There are two places where ingresses can be defined:
- In the Project Manifest. This is the right place for the baseline exposure that ships with your application (
host,path,port). - Per Stage Configuration, as outlined here. This is the right place for environment-specific exposure that you don't want to bake into the Manifest, such as custom domains, access protection or IP allow-lists that differ between e.g. a DEV and a LIVE Stage.
This page covers the Stage/Configuration-level ingress settings.
As for any Configuration change, Ingress changes are persisted in the backend but do not become active instantly. To deploy them, issue a new Release.
Ingress entries
An ingress entry exposes a Component on a URL. A single Component can have multiple entries, so it can be reached under several hosts or paths. Each entry is configured in four sections:
Routing defines how traffic is routed to the Component.
- Choose the Port to route to (required only if the Component exposes more than one port) and a Host prefix.
- Pergola combines the Host with a network-defined domain into a final URL (e.g. host
webbecomes something likeweb-my-proj-dev.apps.pergola.cloud). - An optional Path prefix routes only matching requests. Defaults to
/.
Network selects where the ingress is hosted. Networks differ in access, visibility and available features. It also defines the domain-suffix if Host is specified. Refer to its description for details and select the network that is most suitable for your application.
While a 'public internet' network most probably exposes the app to the internet with auto-provisioned TLS certificates, and may even let you serve it under your own Custom Domain, such as app.yourcompany.com. A network called 'intranet', on the other hand, will most probably serve your app within your company network only.
Authentication allows access with valid (login) credentials only. The same authentication configuration can be shared by multiple Ingresses and Components.
Firewall restricts access to specific IPs or CIDR ranges. With no rules, all traffic is allowed.
Using a Custom Domain for an ingress requires changes in your DNS configuration, typically provided by your domain's registrar. Make sure you add the required DNS records displayed by Pergola to your DNS configuration:
Protecting Ingresses with Authentication
You can add and enable authentication for each ingress individually. Authentication configurations are defined once and can be used by multiple ingresses.
Two types are supported:
- Basic Auth: HTTP basic authentication that supports user/password (or key/secret) credentials.

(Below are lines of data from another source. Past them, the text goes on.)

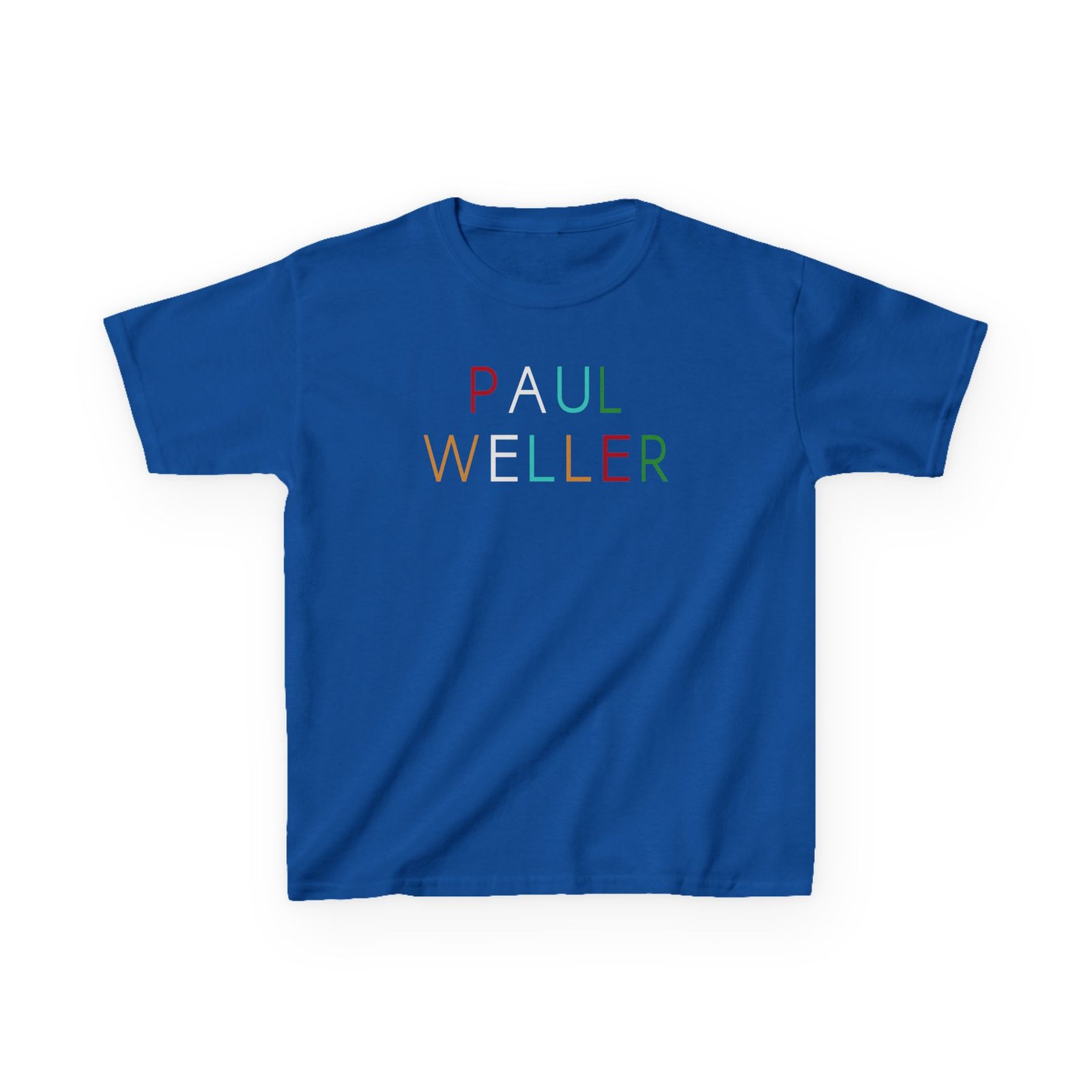 Kids PWL Multicolour Logo Heavy Cotton™ Tee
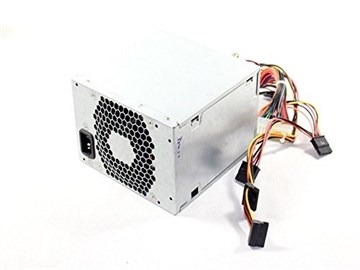 460968-001 Блок питания HP 365-Watts 24-Pin ATX Power Supply with Power Form Correction (PFC) for DC7900 MicroTower Desktop PC 460968-001 - фото 114266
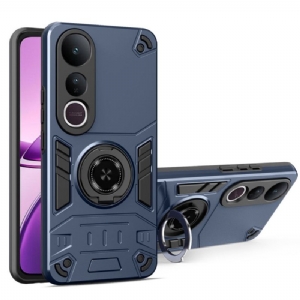 Hülle Für Vivo V50 Lite 5g Drehbarer Ständer Und Verstärkter Schutz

- OAuth/OIDC: Requires users to login with your prefered identity provider first before hitting your application. Supports any OIDC compatible provider, like GitHub, Google, Microsoft, etc.
Once saved, passwords and secrets are never displayed to the user, means cannot be retrieved later. As long as you are editing you can copy/view those credentials.
Before removing an authentication config, make sure no ingress entry still references it.
Basic Auth
Basic Auth protects the ingress driven by a static list of users, each with a name and a password. Add a name/password pair per row, or remove existing ones. Once saved, passwords are redacted and cannot be viewed again.
OAuth/OIDC
OAuth/OIDC requires a user to login first, delegating authentication to your configured identity provider (IdP). You provide:
- Client ID and Client Secret: the OAuth2 credentials provided by your IdP.
- Issuer URL: also provided by your IdP; typically ends with
/.well-known/openid-configuration, or at least serves this path. - Scopes: the requested OAuth2 scopes; defaults to
openid. For supported scopes and their meanings, please refer to your IdP's documentation. - Allowed Groups (optional): restrict access to specific groups; requires a
groupsclaim in the returned token. Please refer to your IdP's documentation forgroupssupport.
When you protect an ingress with this type of authentication, register the OAuth redirect URIs provided by Pergola at your IdP before sharing the link to your application:
If you don't register the redirect URIs at your IdP, users will not be able to login into your application. The registration itself might also take some time to propagade. Please refer to your IdP's documentation for details.